→ Source material:
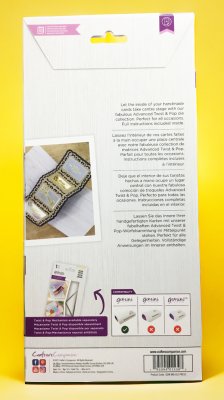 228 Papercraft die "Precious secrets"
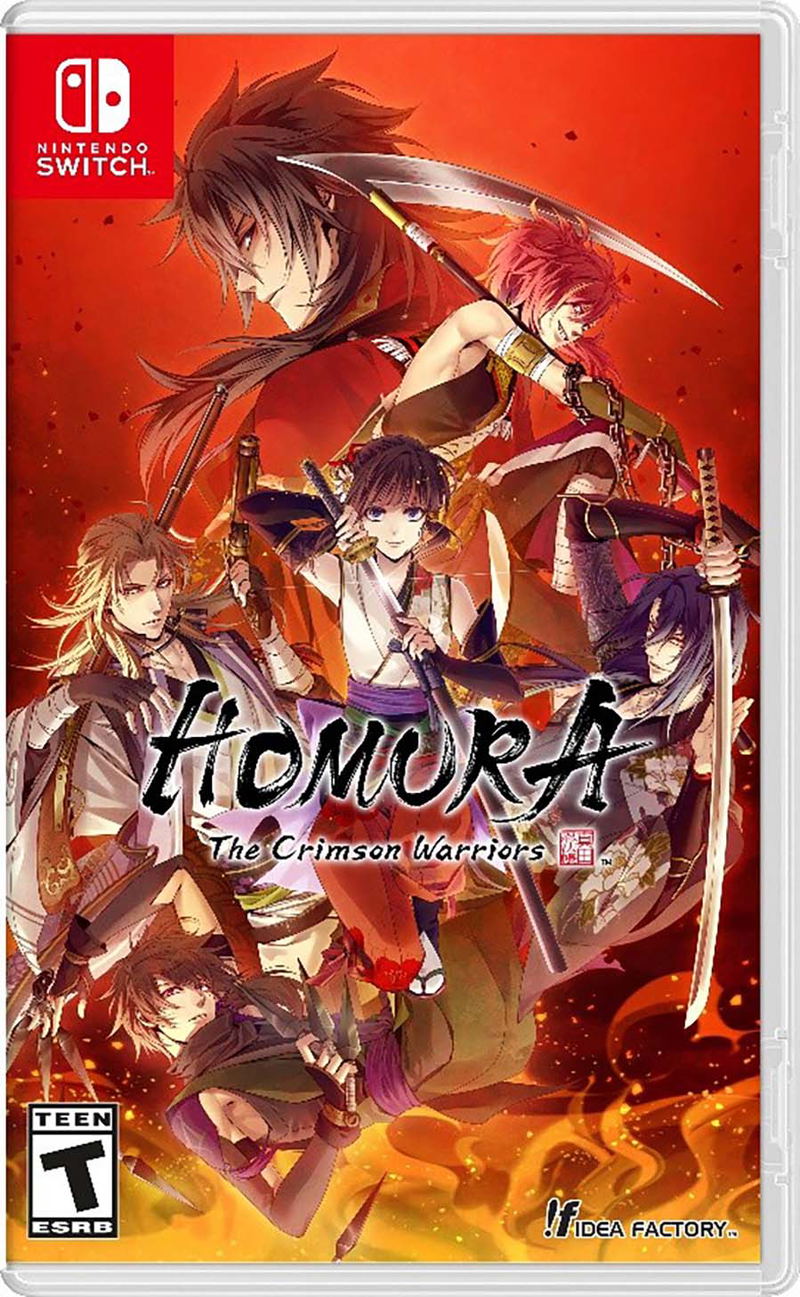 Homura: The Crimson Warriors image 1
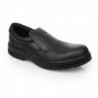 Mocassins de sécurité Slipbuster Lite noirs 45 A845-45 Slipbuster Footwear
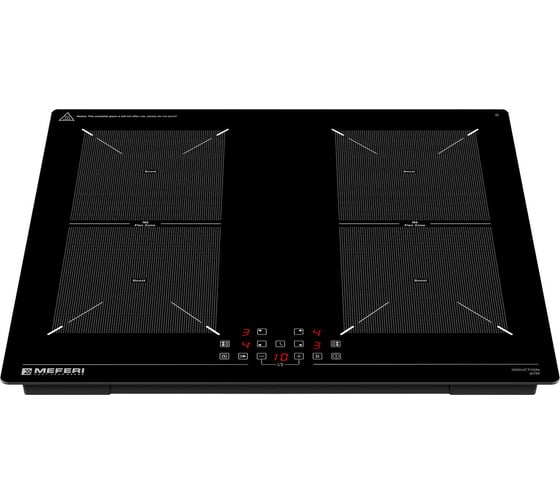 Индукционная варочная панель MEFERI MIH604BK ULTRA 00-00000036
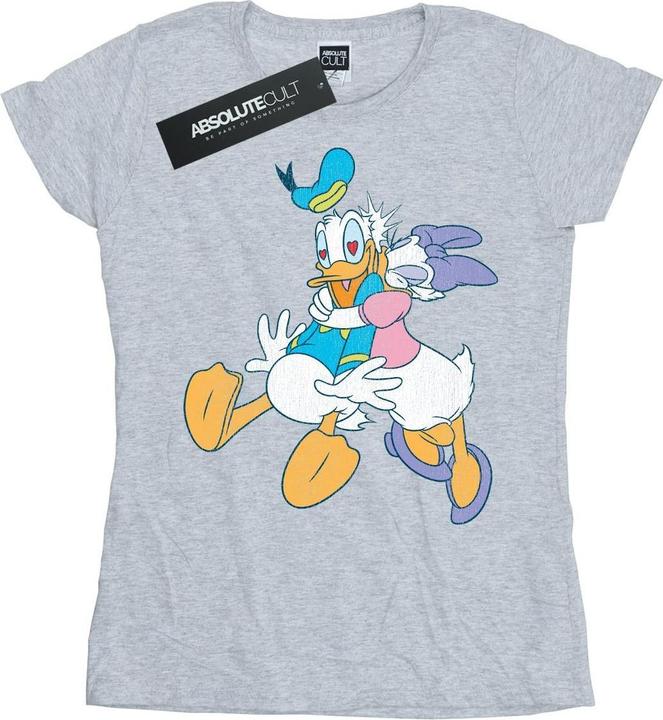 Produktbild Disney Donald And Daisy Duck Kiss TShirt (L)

* * *

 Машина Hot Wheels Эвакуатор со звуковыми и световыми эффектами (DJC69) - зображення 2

---

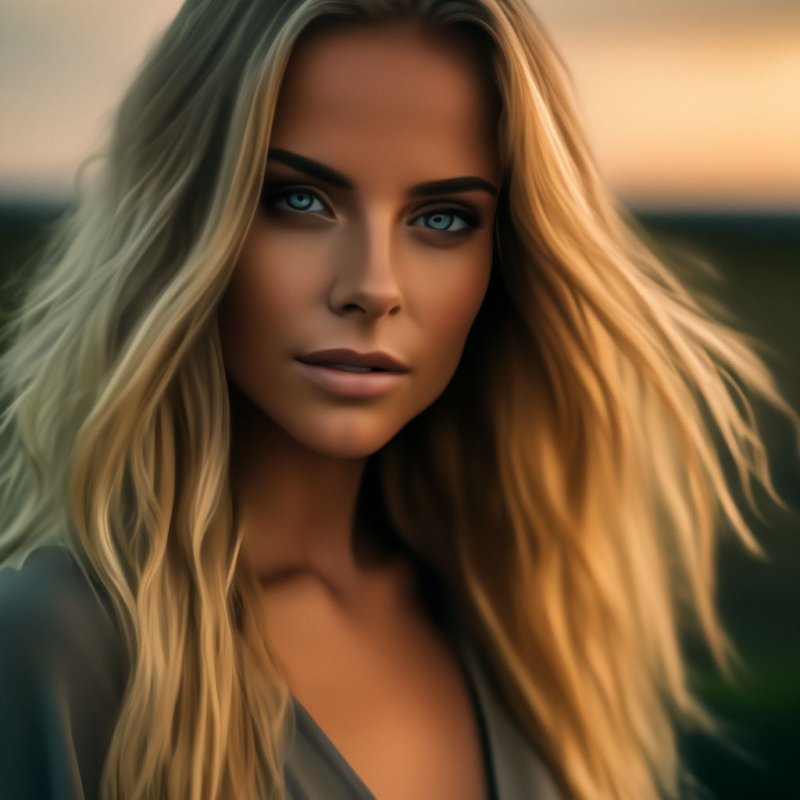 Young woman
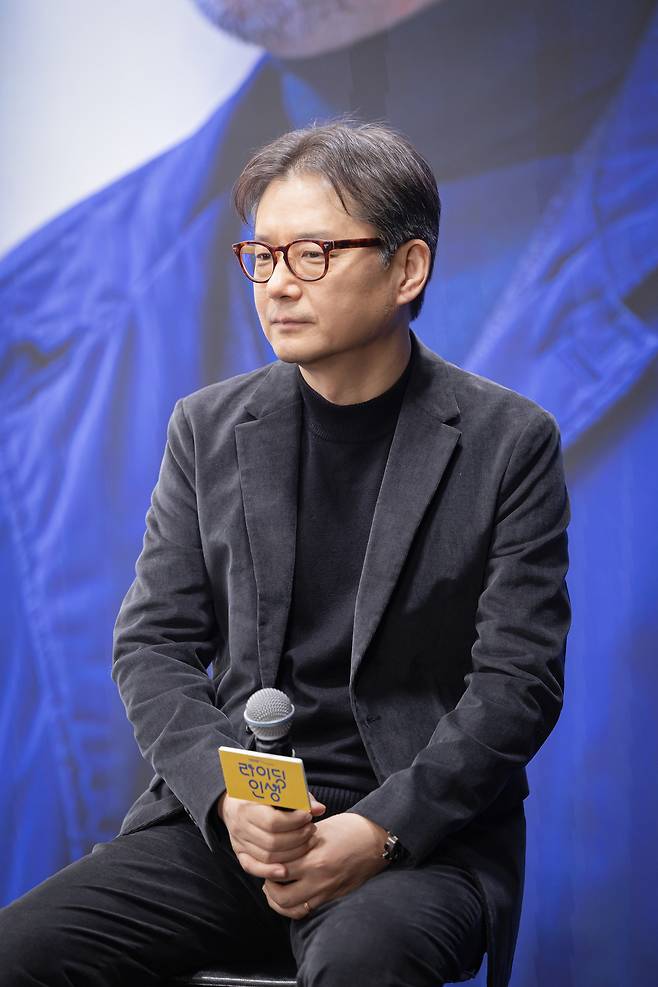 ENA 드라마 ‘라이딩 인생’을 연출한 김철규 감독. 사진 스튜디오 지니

→ Required work:
Taking the entries above, copy word for word the lines from the one with "228 Papercraft die" up to and including the one with "Produktbild Disney Donald", without any picture.

→ Answer to the problem:
 228 Papercraft die "Precious secrets"
 Homura: The Crimson Warriors image 1
 Mocassins de sécurité Slipbuster Lite noirs 45 A845-45 Slipbuster Footwear
 Индукционная варочная панель MEFERI MIH604BK ULTRA 00-00000036
 Produktbild Disney Donald And Daisy Duck Kiss TShirt (L)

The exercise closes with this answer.